:: Data shown ::
========================================
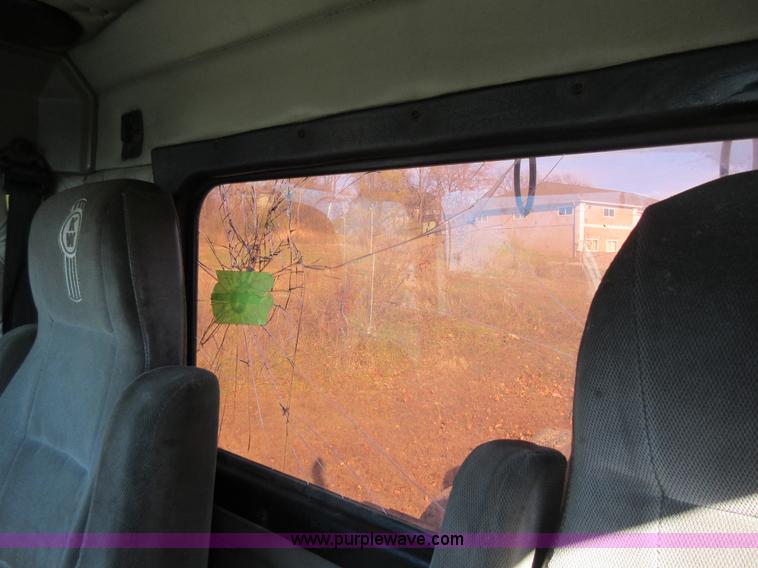 image for item L4531 2004 Kenworth T800 semi truck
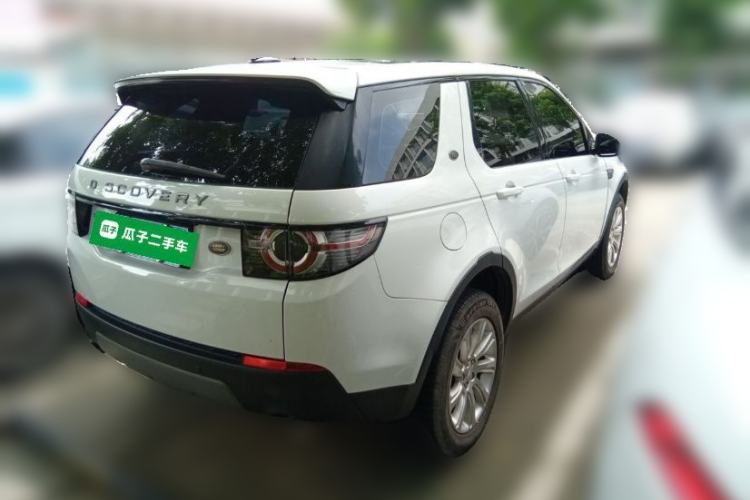 Used Land Rover Discovery Sport 2016 2.0T SE Rear Right 45 Deg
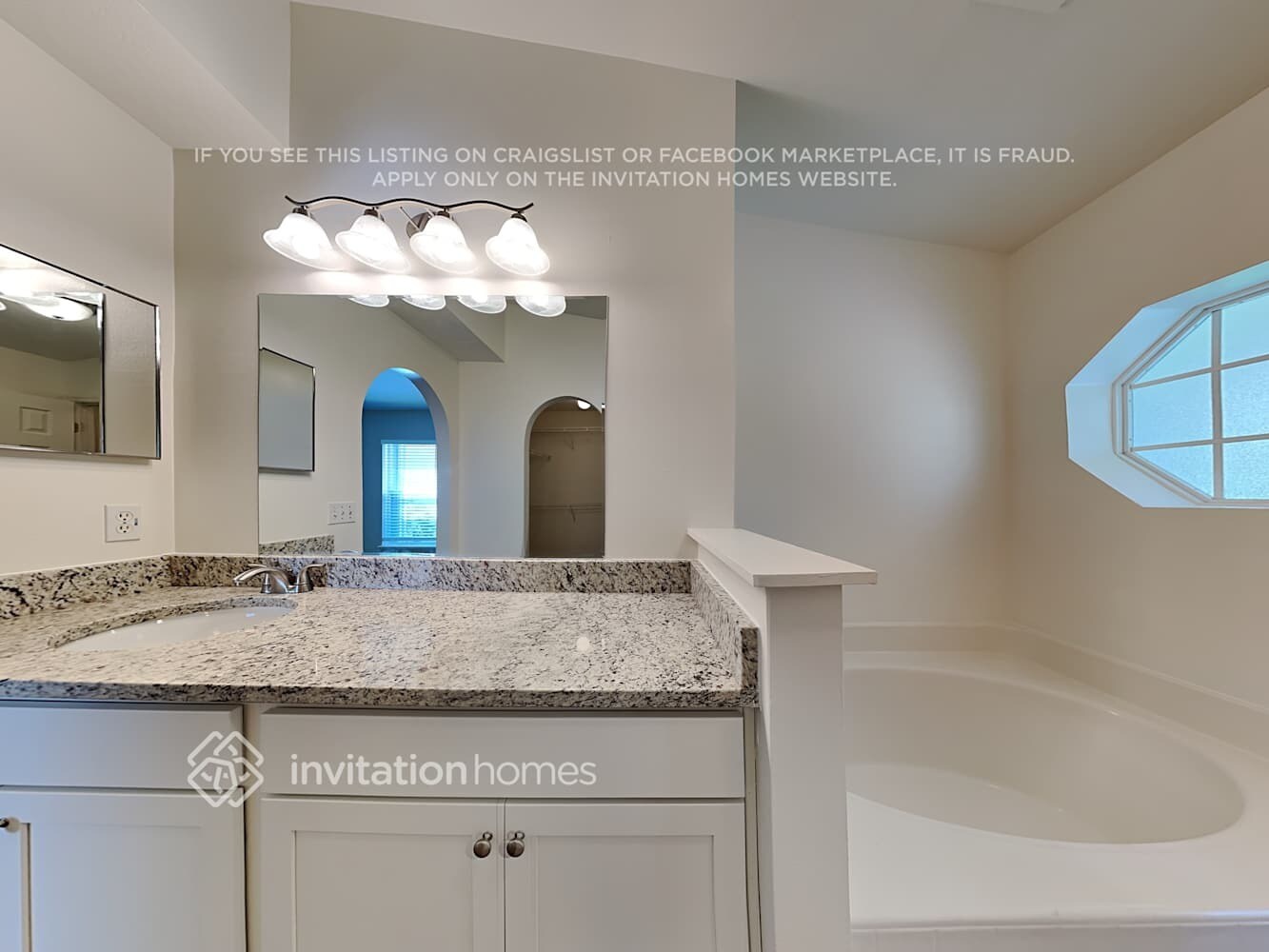 Building Photo - 2470 Brookshire Cir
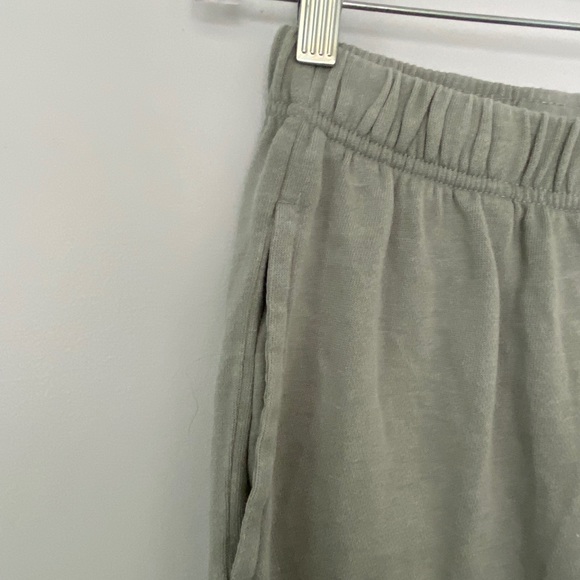 Sage green sweatpants - Picture 4 of 5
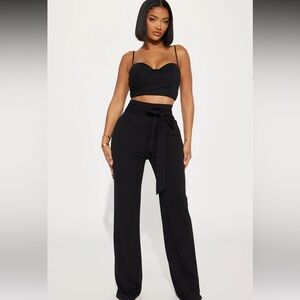 ❗️Fashion nova Meltin' Hearts Pants - Black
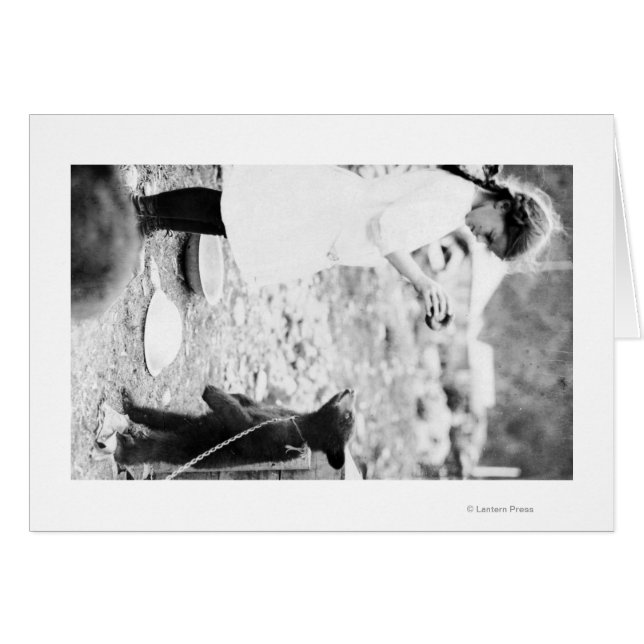 Beer voor het geven van voeding aan meisjes in het (Voorkant Horizontaal)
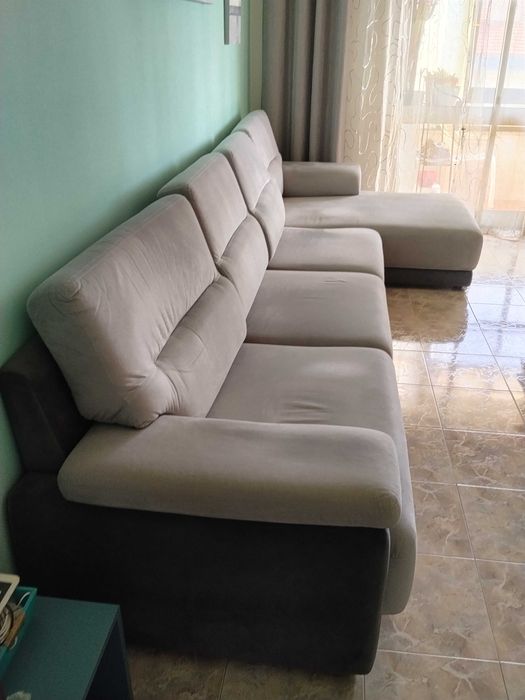 Sofá com chaise longue cinzento impermeabilizado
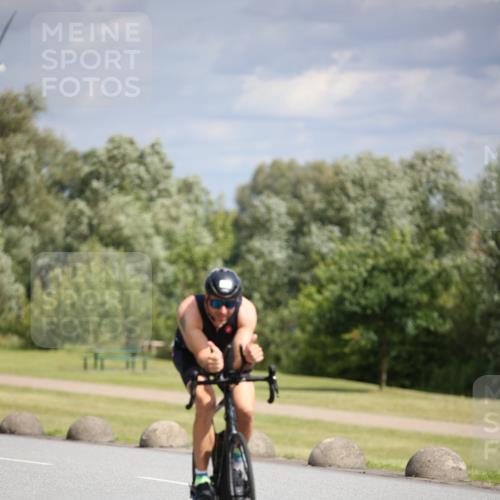 16.06.2024 - 26. Vierlanden-Triathlon Jannik Wohlers http://msf.ph/oto/6268871 16.06.2024 10:56:37 Radfahren 13, 113, 129, 133, 147, 197, 198, 212 meine-sportfotos.de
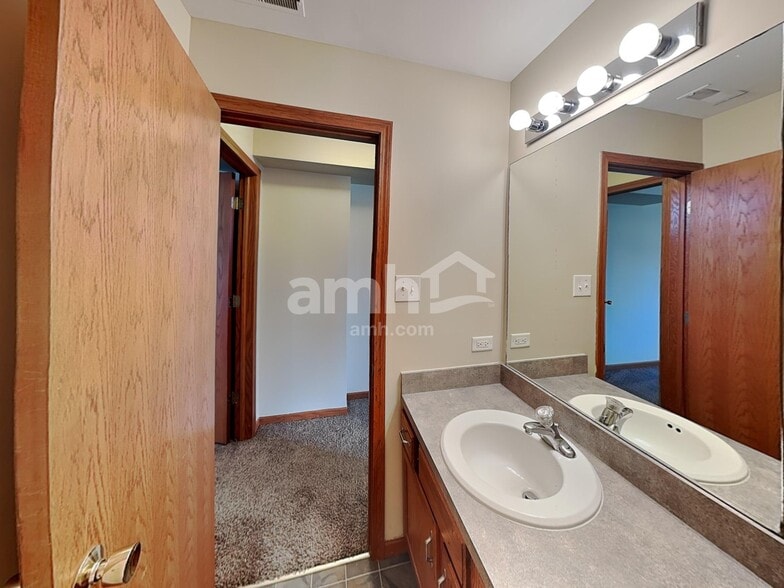 Building Photo - 26251 W Bayberry Ct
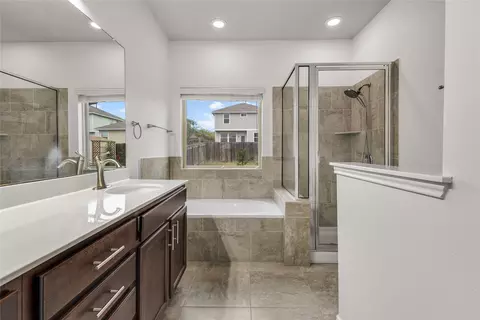 Bath - 397 Limerick Rd, Buda, TX 78610 photo 4 of 5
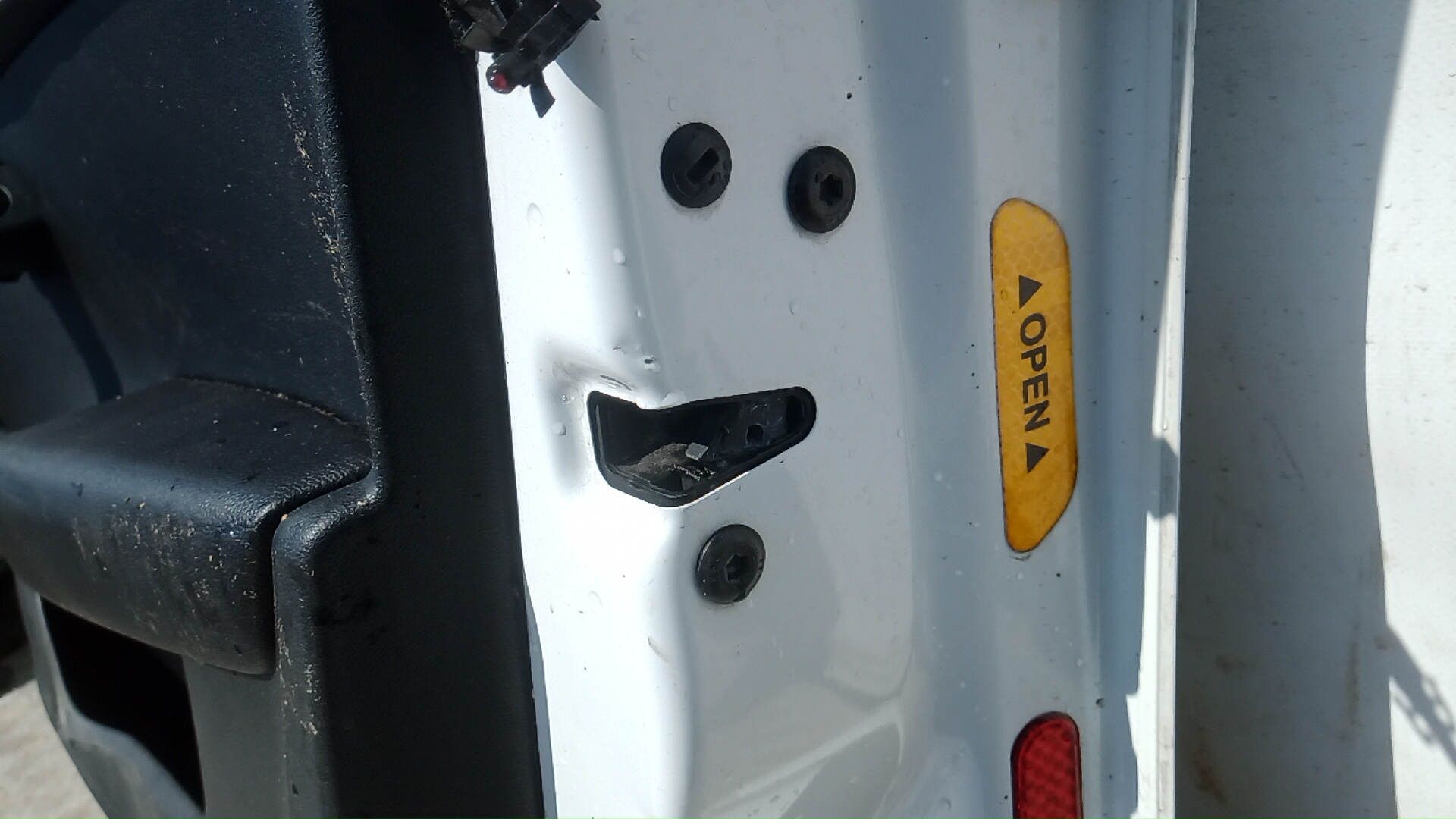 Дверь передняя правая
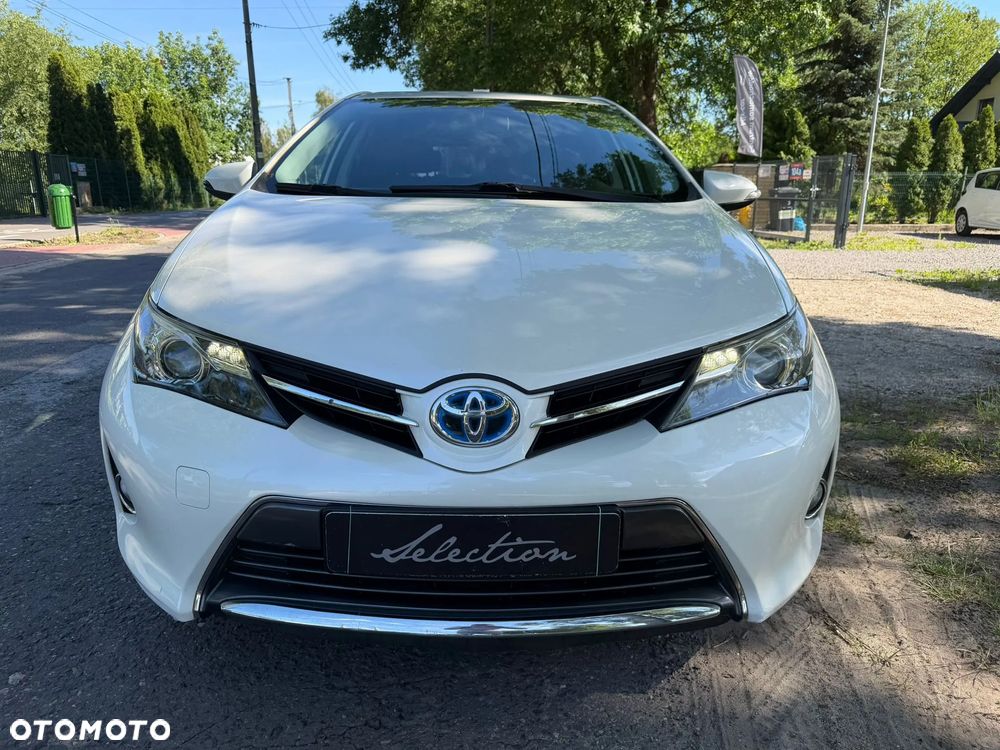 Toyota Auris Hybrid 135 Premium - 1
========================================
Repeat the records word for word and drop any pictures.

 image for item L4531 2004 Kenworth T800 semi truck
 Used Land Rover Discovery Sport 2016 2.0T SE Rear Right 45 Deg
 Building Photo - 2470 Brookshire Cir
 Sage green sweatpants - Picture 4 of 5
 ❗️Fashion nova Meltin' Hearts Pants - Black
 Beer voor het geven van voeding aan meisjes in het (Voorkant Horizontaal)
 Sofá com chaise longue cinzento impermeabilizado
 16.06.2024 - 26. Vierlanden-Triathlon Jannik Wohlers http://msf.ph/oto/6268871 16.06.2024 10:56:37 Radfahren 13, 113, 129, 133, 147, 197, 198, 212 meine-sportfotos.de
 Building Photo - 26251 W Bayberry Ct
 Bath - 397 Limerick Rd, Buda, TX 78610 photo 4 of 5
 Дверь передняя правая
 Toyota Auris Hybrid 135 Premium - 1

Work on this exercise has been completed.